Figure 6. Comparison of vertical profiles for DO, NO3–, NO2–, N2O, and CH4 between Kochi and Mangalore for 13, 20, and 30 m stations (A–C, respectively) during September 2012.
The lower than expected CH4 levels in bottom waters over both the shelves during SM is possible due to mixing with relatively low CH4 concentrations in upwelling waters (Figures 2D, 3D). The upwelling intensity and associated dilution effect over the Kochi is at peak during peak SM (June–July), resulting in low concentrations of CH4 in its nearshore waters (Figure 2). But by late SM (September), the upwelling is in its recession thereby the weak dilution effect has facilitated accumulation of CH4 in the shallow stations near to the coast. However, unlike at Kochi, the upwelling over the Mangalore shelf during September is still sustained thereby the continued dilution effect has reduced the CH4 concentrations (Figure 3). Despite this intra-seasonal variability, the degree of dilution effect over both the shelves is expected to be similar, if so, the mixing alone cannot explain the observed lowest concentrations of CH4 off Mangalore during September.
Earlier studies by Naqvi et al. (2009) and our parallel studies by Sudheesh et al. (2016) reported that during upwelling the Mangalore shelf witnessed shifting from suboxic conditions in peak SM to anoxic conditions by late SM (Figure 3), which led to significant N loss through heterotrophic denitrification during peak phase but switched to autotrophic denitrification during late phase (Pratihary et al., 2014) when sediments of nearshore and inner shelf turned to sulphidic (Naqvi et al., 2009).
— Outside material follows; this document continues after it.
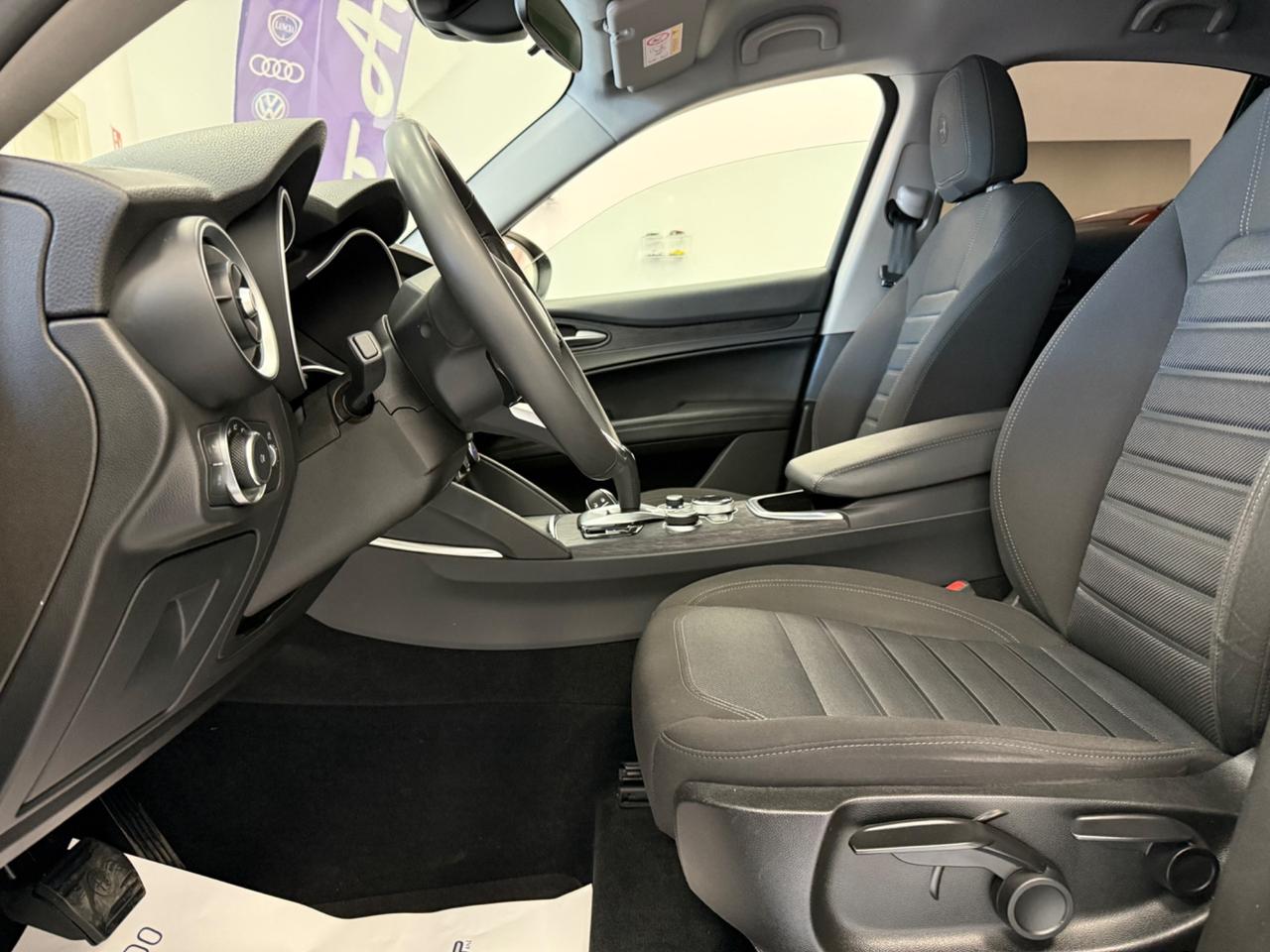 Alfa Romeo Stelvio 2.2 Turbodiesel 160 CV AT8 RWD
Such autotrophic denitrification under sulphidic conditions has reduced NO3– to molecular N2 leading to complete loss of N with near absence of intermittent reduced forms like NO2– and N2O in the subpycnocline waters up to inner shelf. Similar absence of NO3– and NO2– were also reported recently off Goa (just north of present study) due to complete denitrification supported by labile sediment organic matter and intense sulfate reduction rates (Naik et al., 2017). Coincidentally, CH4 concentrations in these sulphidic waters are also distinctly low (Figures 3, 6), inferring either a lower sedimentary efflux or greater loss through oxidation under intense reducing conditions.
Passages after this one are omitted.